وَمَا خَلَقْتُ الْجِنَّ وَالْاِنْسَ اِلَّا لِيَعْبُدُونِ

Bu âyet-i uzmanın sırrıyla, insanın bu dünyaya gönderilmesinin hikmeti ve gayesi; Hâlık-ı kâinat’ı tanımak ve ona iman edip ibadet etmektir. Ve o insanın vazife-i fıtratı ve farîza-i zimmeti, marifetullah ve iman-ı billahtır ve iz’an ve yakîn ile vücudunu ve vahdetini tasdik etmektir.

Evet, fıtraten daimî bir hayat ve ebedî yaşamak isteyen ve hadsiz emelleri ve nihayetsiz elemleri bulunan bîçare insana, elbette o hayat-ı ebediyenin üssü’l-esası ve anahtarı olan iman-ı billah ve marifetullah ve vesilelerinden başka olan şeyler ve kemalâtlar, o insana nisbeten aşağıdır. Belki çoğunun kıymetleri yoktur.

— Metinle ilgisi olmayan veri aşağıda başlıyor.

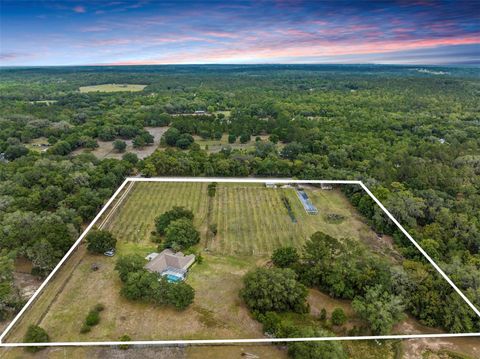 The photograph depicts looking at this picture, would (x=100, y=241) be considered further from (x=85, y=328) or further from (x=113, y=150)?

Risale-i Nur’da bu hakikat kuvvetli bürhanlarla ispat edildiğinden, bu hakikati Risale-i Nur’a havale ederek yalnız o yakîn-i imanîyi bu asırda sarsan ve tereddüt veren iki vartayı dört mesele içinde beyan ederiz.

(7. Şua)


Sâlisen: Bu cümlenin Kur’an’ın başlangıcı olan Fatiha Suresi’ne “fatiha” yani başlangıç yapılması neye binaendir?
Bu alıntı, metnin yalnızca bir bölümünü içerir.